A l’ère où les frontières géographiques et les supports physiques deviennent de plus en plus flous, l’élaboration d’un cadre juridique adapté aux défis de la création et de la diffusion d’œuvres numériques est devenue une préoccupation centrale pour les législateurs, les créateurs, et les défenseurs des droits de la propriété intellectuelle.
Dans l’économie moderne, le droit d’auteur a évolué pour devenir un élément essentiel de la stratégie. De nos jours, la véritable richesse n’est pas matérielle, elle est plutôt abstraite et immatérielle. Dans ce contexte, la propriété intellectuelle joue un rôle central, car dans une économie axée sur les idées et l’innovation en tant que créations de valeur, il est tout à fait logique que les acteurs cherchent à protéger leurs idées, ou du moins, les avantages économiques qu’ils peuvent en tirer.
Toutefois, vers la fin des années 70, avec le développement de la photographie, du cinéma, de la radio, des logiciels, et des bases de données, la possibilité de reproduire des œuvres est devenue accessible à tous les consommateurs qui avaient acquis (ou utilisé) des équipements de reproduction.

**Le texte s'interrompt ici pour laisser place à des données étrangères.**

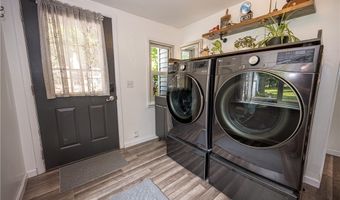 9658 Oakland St, Angola, NY 14006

Les modes de reproduction de la copie privée ont évolué en passant des supports physiques tels que les cassettes vidéos et le DVD, au numérique qui peut prendre plusieurs formes, à savoir les réseaux pair-à-pair, le cloud ou encore le streaming.

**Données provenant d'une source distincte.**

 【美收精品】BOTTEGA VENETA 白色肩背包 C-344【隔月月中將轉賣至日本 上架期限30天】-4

Il est donc légitime de poser la question suivante : est-ce que le droit d’auteur demeure un pouvoir sur l’œuvre, ou bien existe-t-il une dérogation à ce principe ?
Conditions pour qu’une œuvre soit protégée.

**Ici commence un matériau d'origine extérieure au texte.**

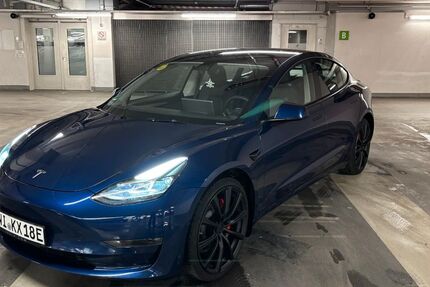 Tesla Model 3 88.000 km 26.000 &euro; Eltville am Rhein 65343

Tout d’abord, il convient de préciser qu’une œuvre de l’esprit n’est pas protégée ipso facto, Pour qu’elle accède à la protection, elle devrait remplir deux critères distincts, et ce, sans tenir compte de la forme d’expression de cette œuvre :
- Elle doit se manifester par une expression ou une forme concrète. Par exemple, elle pourrait être enregistrée sur un support tel que photographique, magnétique, papier, numérique, etc ;
- Elle doit être originale et distincte, reflétant ainsi l’empreinte de la personnalité de l’auteur, ce qui signifie qu’elle doit apporter une plus-value intellectuelle unique.
Les droits exclusifs de l’auteur.
Les droits exclusifs de l’auteur sont automatiquement acquis à partir du moment où l’œuvre est créée, sans nécessiter de formalités particulières. Ces droits lui confèrent le pouvoir de superviser la reproduction et la représentation de son œuvre. Les droits patrimoniaux de l’auteur, tels que le droit de reproduction et le droit de représentation, lui donnent la capacité de s’opposer à toute tentative d’exploitation de son œuvre entreprise par un tiers.
En plus des droits patrimoniaux, il existe un ensemble de droits moraux qui reflètent la relation personnelle entre l’auteur et son œuvre. Ils sont conçus pour préserver l’intégrité de l’œuvre et protéger les intérêts personnels et créatifs de l’auteur vis-à-vis de son travail. Ces droits moraux comprennent le droit de paternité, qui exige que le nom de l’auteur soit mentionné chaque fois que l’œuvre est reproduite ou représentée ; le droit au respect de l’intégrité de l’œuvre, garantissant que l’œuvre ne soit pas modifiée ou altérée d’une manière qui pourrait porter atteinte à sa qualité ou à son l’intention ; le droit à l’honneur et à la réputation de l’œuvre, protégeant l’œuvre contre toute utilisation qui pourrait la dégrader ou la présenter de manière préjudiciable à l’auteur ; le droit de divulgation, qui permet à l’auteur de décider du moment où son œuvre sera rendue publique pour la première fois ; le droit de retrait et de repentir, qui permet à l’auteur de retirer son œuvre de la circulation ou de la corriger, à condition de compenser d’éventuels cessionnaires de droits d’exploitation.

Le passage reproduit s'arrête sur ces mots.